Complete blood count
Patient Her husband
Erythrocytes 3.3 million/mm3 4.2 million/mm3
Hb 11.9 g/dL 13.3 g/dL
MCV 71 fL 77 fL
Reticulocyte count 0.005 0.008
Leukocyte count 7,500/mm3 6,300/mm3
Platelet count 190,000/mm3 256,000/mm3
Electrophoresis
HbA1 95% 98%
HbA2 3% 2%
HbS 0% 0%
HbH 2% 0%
The patient undergoes ultrasound examination which reveals ascites, liver enlargement, and pleural effusion in the fetus. Further evaluation with Doppler ultrasound shows elevated peak systolic velocity of the fetal middle cerebral artery. Which of the following procedures can be performed for both diagnostic and therapeutic purposes in this case?
- A. Fetoscopy
- B. Cordocentesis (Correct Answer)
- C. Percutaneous fetal thoracentesis
- D. Chorionic villus sampling
- E. Amniocentesis
Fetal heart rate abnormalities Explanation: ***Cordocentesis***
- **Cordocentesis** involves obtaining a fetal blood sample from the umbilical cord, which is crucial for diagnosing fetal anemia and can also be used for **intrauterine blood transfusions** if severe anemia is detected.
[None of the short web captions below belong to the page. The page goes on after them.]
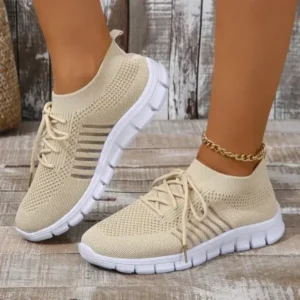 Megazoneoffers Women Casual Plus Size Solid Color Mesh Breathable Flat Sneakers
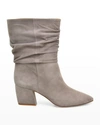 Botkier Skylar Slouchy Suede Mid Boots In Warm Grey-wgy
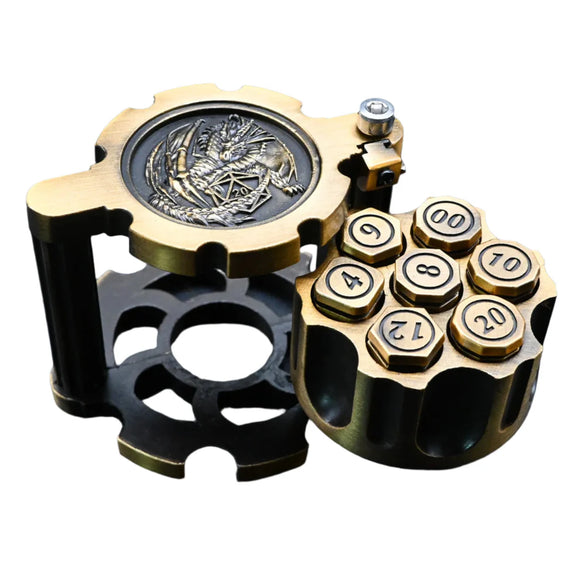 Polyhedral Dice Set Bullet: Ancient Gold Hexchamber Spinning Revolver Case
- The ultrasound findings of **ascites**, **liver enlargement**, **pleural effusion** (suggesting **hydrops fetalis**), and elevated peak systolic velocity of the fetal middle cerebral artery are highly indicative of severe fetal anemia, making cordocentesis a diagnostic and therapeutic option.
*Fetoscopy*
- **Fetoscopy** currently has limited diagnostic and therapeutic applications in cases of fetal anemia and is primarily used for direct visualization and certain surgical procedures like **laser coagulation** in twin-twin transfusion syndrome, which is not the primary issue here.
- While it offers direct visualization, it is more invasive and carries higher risks compared to cordocentesis for the specific diagnosis and management of fetal anemia.
*Percutaneous fetal thoracentesis*
- **Percutaneous fetal thoracentesis** is used to drain fetal pleural effusions, which is a symptom of hydrops fetalis, but it does not address the underlying cause of fetal anemia itself.
- It is a therapeutic procedure for a specific complication, not a diagnostic tool for anemia or a therapy for the anemia itself.
*Chorionic villus sampling*
- **Chorionic villus sampling (CVS)** is typically performed earlier in pregnancy (10-13 weeks) for **chromosomal analysis** and genetic disorders.
- It provides genetic information but cannot assess the current state of fetal anemia or provide therapeutic intervention like blood transfusion.
*Amniocentesis*
- **Amniocentesis** is primarily used for **genetic testing** and evaluating fetal lung maturity, usually performed after 15 weeks.
- It involves sampling amniotic fluid and does not directly provide a fetal blood sample for diagnosing or treating anemia.